Segment Start: PROVIDED RECORDS

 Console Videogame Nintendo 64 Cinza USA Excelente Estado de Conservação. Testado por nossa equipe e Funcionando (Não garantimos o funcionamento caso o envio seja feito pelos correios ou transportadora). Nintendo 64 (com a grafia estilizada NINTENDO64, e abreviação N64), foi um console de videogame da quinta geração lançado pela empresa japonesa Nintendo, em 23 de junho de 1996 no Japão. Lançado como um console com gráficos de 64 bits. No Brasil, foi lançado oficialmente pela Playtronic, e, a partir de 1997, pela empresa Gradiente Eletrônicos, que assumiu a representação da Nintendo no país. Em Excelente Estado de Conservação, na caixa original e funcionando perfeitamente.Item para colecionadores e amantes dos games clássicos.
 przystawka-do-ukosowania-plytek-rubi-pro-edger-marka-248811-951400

Segment End: PROVIDED RECORDS
Segment Start: PROVIDED RECORDS

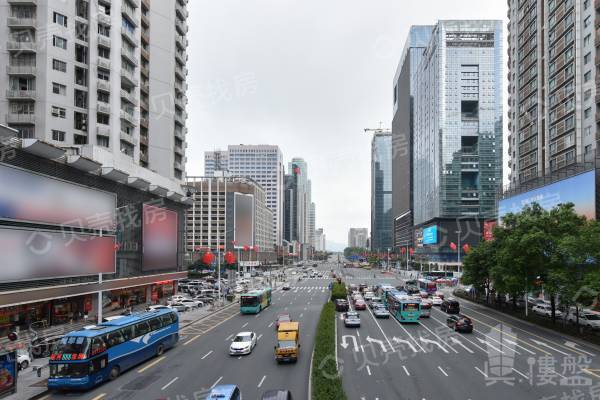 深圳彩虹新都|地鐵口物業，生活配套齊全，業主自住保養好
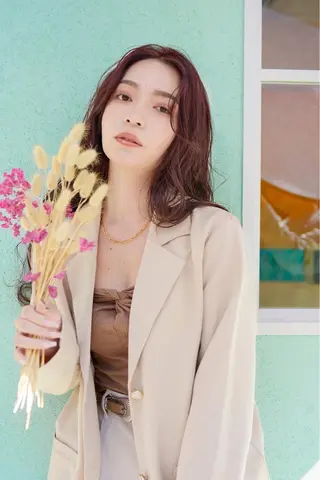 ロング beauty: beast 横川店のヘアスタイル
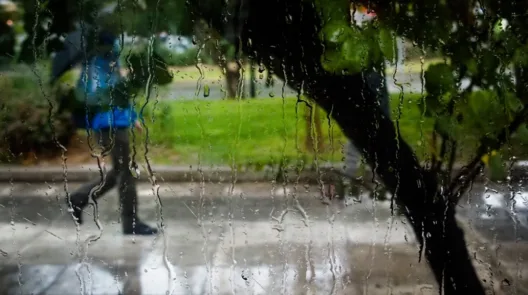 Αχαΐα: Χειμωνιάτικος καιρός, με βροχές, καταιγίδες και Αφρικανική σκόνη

Segment End: PROVIDED RECORDS

WHAT YOU HAVE TO DO:
Beginning with the line that contains "ロング beauty: beast 横川店のヘアスタイル", write out the lines of the material above exactly, and end with the line that contains "Αχαΐα: Χειμωνιάτικος καιρός, με". Omit the pictures.

RESPONSE BELOW:
 ロング beauty: beast 横川店のヘアスタイル
 Αχαΐα: Χειμωνιάτικος καιρός, με βροχές, καταιγίδες και Αφρικανική σκόνη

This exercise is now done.